__About this exercise__
Two lines in the data below mark the range: the one with "Additional image 11" and the one with "Image 12 of 32 For 806 Rutherford". Return both, along with every line between them, exactly.

__Source material__
★ ★ ★ ★
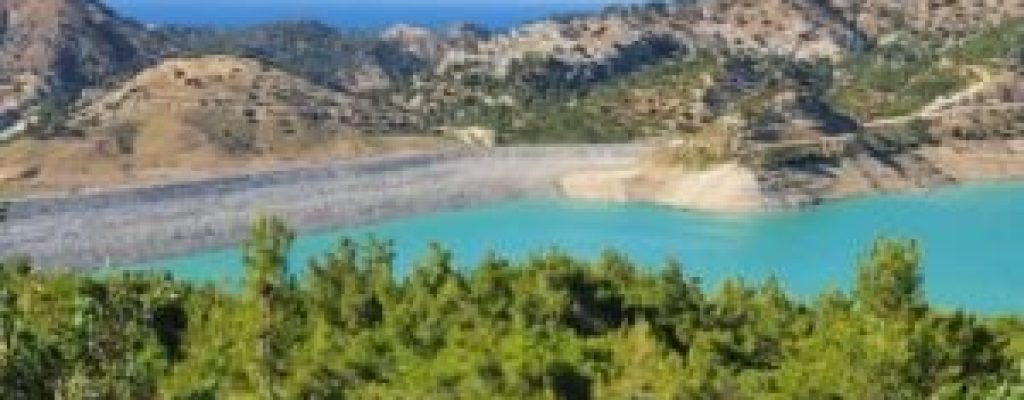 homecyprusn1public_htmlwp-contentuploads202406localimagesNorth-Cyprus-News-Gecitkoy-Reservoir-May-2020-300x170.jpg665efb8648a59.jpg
★ ★ ★ ★
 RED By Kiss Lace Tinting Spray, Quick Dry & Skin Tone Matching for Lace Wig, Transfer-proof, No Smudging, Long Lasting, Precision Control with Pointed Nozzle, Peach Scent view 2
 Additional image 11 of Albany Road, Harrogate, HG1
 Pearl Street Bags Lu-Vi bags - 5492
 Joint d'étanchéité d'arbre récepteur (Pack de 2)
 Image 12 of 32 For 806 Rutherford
★ ★ ★ ★
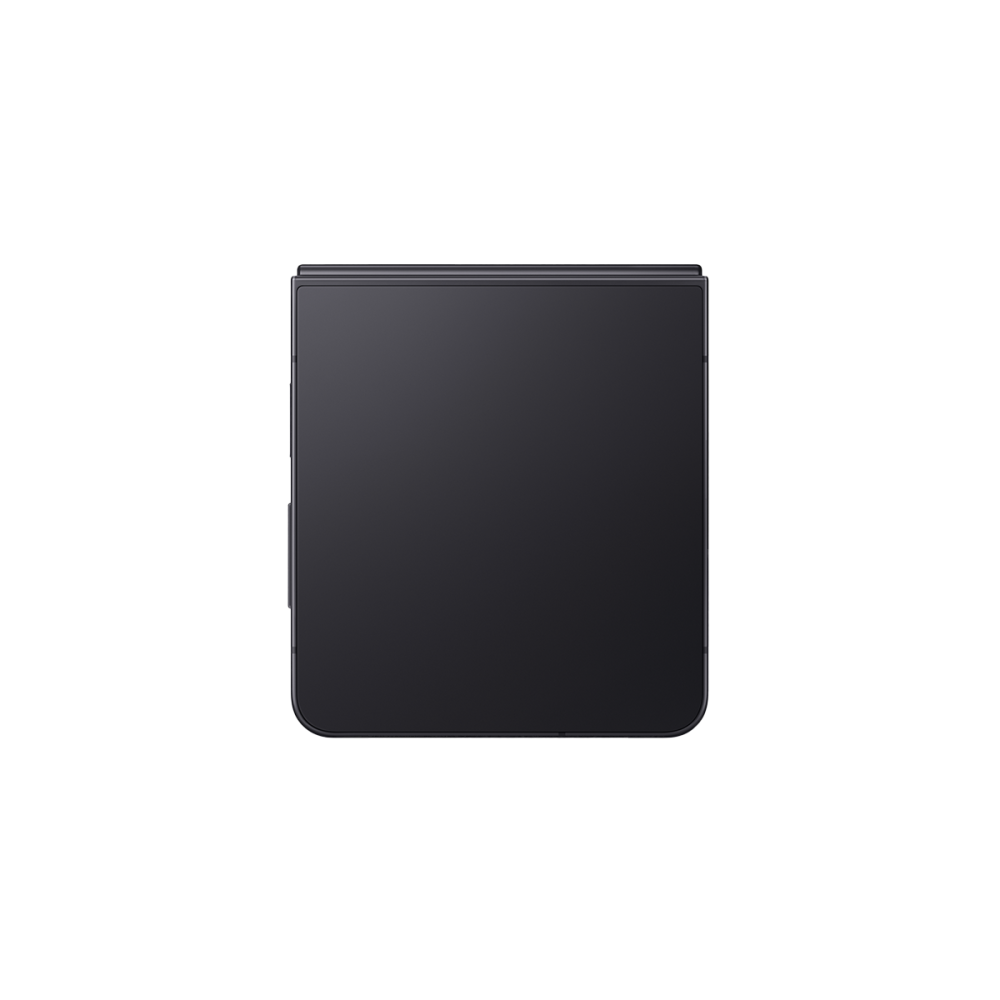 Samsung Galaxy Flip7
★ ★ ★ ★
__The answer__
 Additional image 11 of Albany Road, Harrogate, HG1
 Pearl Street Bags Lu-Vi bags - 5492
 Joint d'étanchéité d'arbre récepteur (Pack de 2)
 Image 12 of 32 For 806 Rutherford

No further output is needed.